[FEATURE REQ] `assume_nullable` macro in LLVM & Objective C [Xcode 10]

Number:rdar://46839794 Date Originated:December 19 2018, 3:18 PM
Status: Resolved:
Product:LLVM / ObjC Product Version:
Classification: Reproducible:
As Xcode 7.x / LLVM introduced `NS_ASSUME_NONNULL_*` macros along with type nullability annotations, it would be really nice to provide a competing `NS_ASSUME_NULLABLE_*` macros in both LLVM and Objective C as well.

Legacy code is often written with no explicit knowledge about variable nullability state and it's way more likely to understand such properties as nullable by default. This would also greatly help porting an Objective C code without nullability annotations to be used and exported for Swift with no need to introduce force-unwrapped properties.

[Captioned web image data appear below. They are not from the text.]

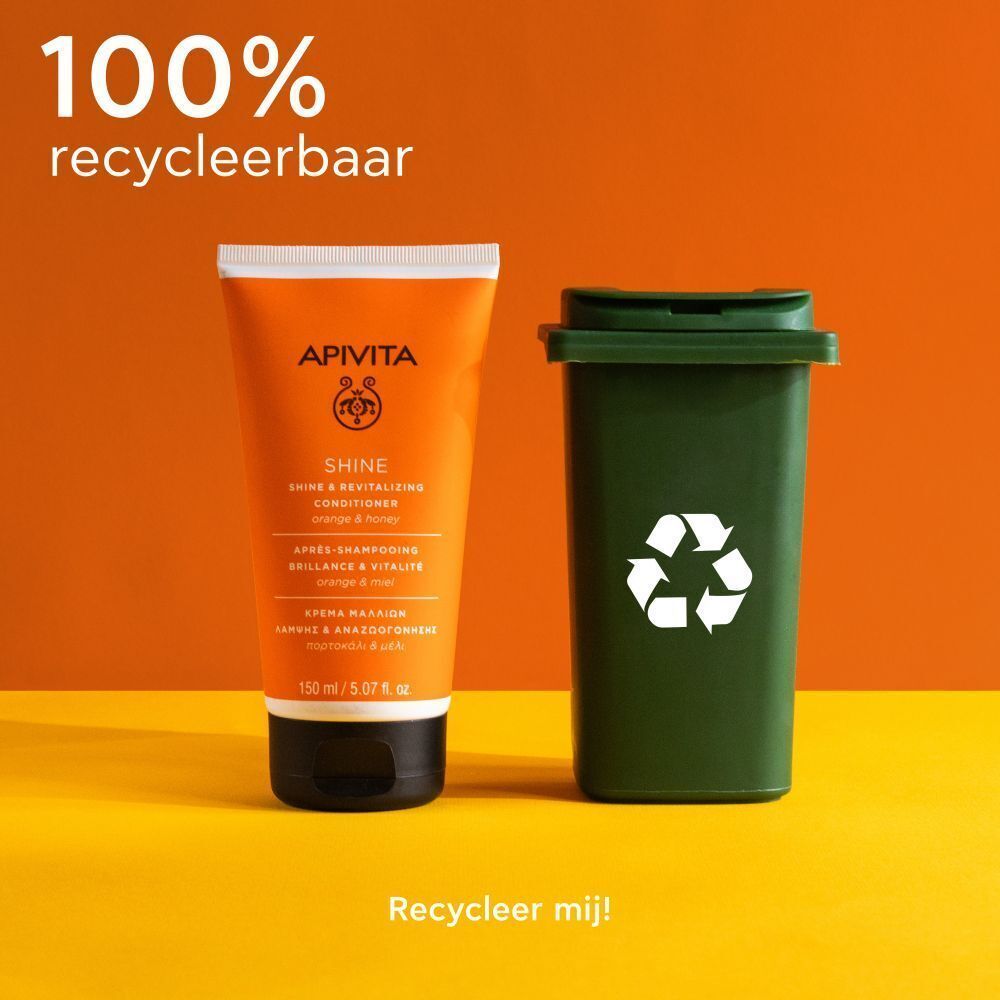 Apivita Shine Shine & Revitalizing Conditioner Orange & Honey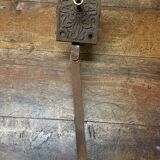 Ancienne poignée porte et système serrird loquet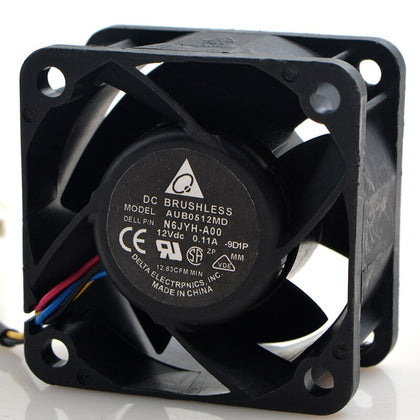 Delta AUB0512MD 12V DC 50x50x20mm Brushless Cooling Fan - product photo 2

As there's no really convenient way to check the state of annotated properties in Objective C (even a `nonnull` property can be left with `nil` value f.e. after initialisation as there's no actual strict checking like in Swift), marking the code with “assume nonnull” can introduce runtime errors due to this lacking nullability check confidence. Marking such code as “assume nullable” (as we really used to think about the code that way and check it during the runtime) and optionally manually check only the strictly annotated nonnull properties would be a bit “safer” solution in such cases.

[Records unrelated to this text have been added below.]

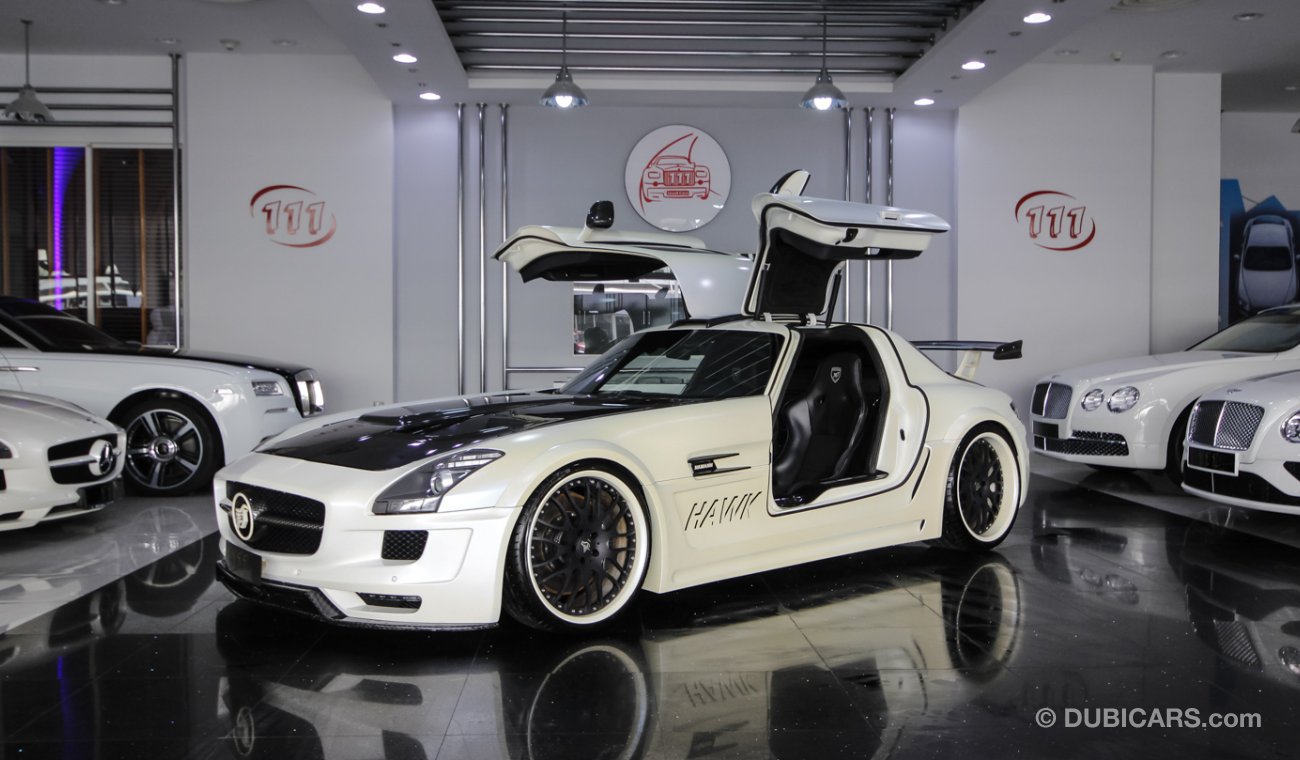 مرسيدس بنز SLS AMG Hamann Body Kit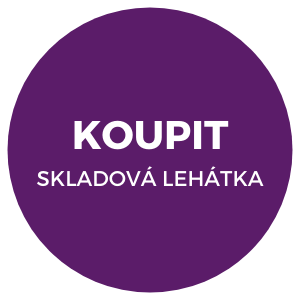 kolečko KOUPIT skladová lehátka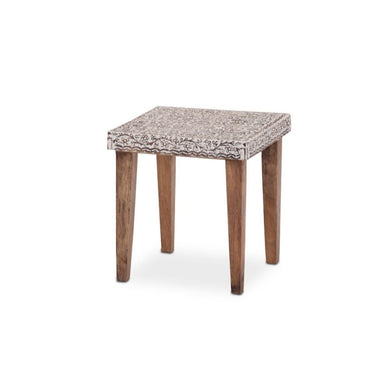wonderful wooden metro style stool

When importing ObjC headers with no NS_ASSUME_ marks, all properties are implicitly handled as potentially-nullable and imported as force-unwrapped. That's why I think having a possibility to explicitly mark it as nullable-by-default is the easier migration path as it's closer to what actually happens with no code change. How's marking the file as nonnull-by-default easier when there's a vital need to check all properties and either 1) mark them as nullable or 2) leave them as nonnull and check if it's actually true, when there's even no guarantee by the compiler/analyser?  I wouldn't argue a bit in case ObjC code could be type-checked as strongly and well as Swift, including the consistency, initialisers etc., but that's not the case.